Sok Bopah... Isabel... Deux noms différents pour une même personne. La première est une rescapée des camps des Khmers rouges au
Cambodge. "Là-bas" comme elle dit. Elle a réussi à fuir en se faisant humilier une dernière fois. Arrivée sur la terre des libertés, aux Etats-Unis, elle se fait appeler Isabel. Les deux identités, les deux entités se rejoignent. Elle vit, et elle a cessé de survivre. Elle rencontre Isaac. Le premier, et seul, homme avec qui elle veut faire l'amour. Ils ont deux enfants. L'aîné est issu des tortionnaires cambodgiens, la plus jeune est le fruit des rêves américains. A cette petite famille, rajoutons Simon. Lui, son cauchemar était allemand. Il a connu les camps nazis. Et il y a perdu sa mère qui en est devenu son seul repère dans la vie. Il a arrêté de vivre en Allemagne. Ici, il rêve une vie qui aurait pu être la sienne. Peut être... Il y a gagné le droit de dire "Quand"...
Leur vie, à ces deux rescapés, a été longue et dure. Mais le calme est revenu. Et avec lui peut être le bonheur. Peut être... Quelqu'un, quelque chose en a décidé autrement. La petite dernière que tout le monde adorait et à qui ses père et grand-père passaient tout vient de se faire assassiner. Elle est la première d'une série. Ils souffrent et se rappellent le goût acre de la mort et de la peur. Le passé revit à travers les souvenirs, mais pas seulement.

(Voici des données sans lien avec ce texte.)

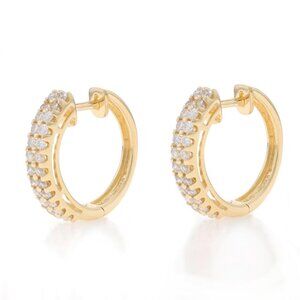 Sonia B Diamond Hoop Earrings - Yellow Gold 14k Round Brilliant 1.00ctw Pierced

200 pages de pure détresse. Andrea H. Japp nous peint une histoire où l'espoir n'a pas sa place. Lorsque deux écorchés de la vie se rencontrent, le silence est de mise. Parce que parfois les mots sont inutiles voire insultants, seuls les actes ont alors une quelconque valeur. L'auteur nous livre ici une leçon de vie impitoyable mais magistrale. Son style sec et agréable nous plonge dans cette détresse qui a ses racines dans le passé de l'Humanité et ses branches dans le futur de cette famille.
Elle nous montre ici tout son talent. Il s'agit pour ma part de son meilleur roman pour le moment de ceux que j'ai lu. Juste au dessus de La femelle de l'espèce. Pas un mot de trop. Les sentiments et les personnages sont ici mis en lumière à leur juste valeur. C'est vraiment un chef d'œuvre.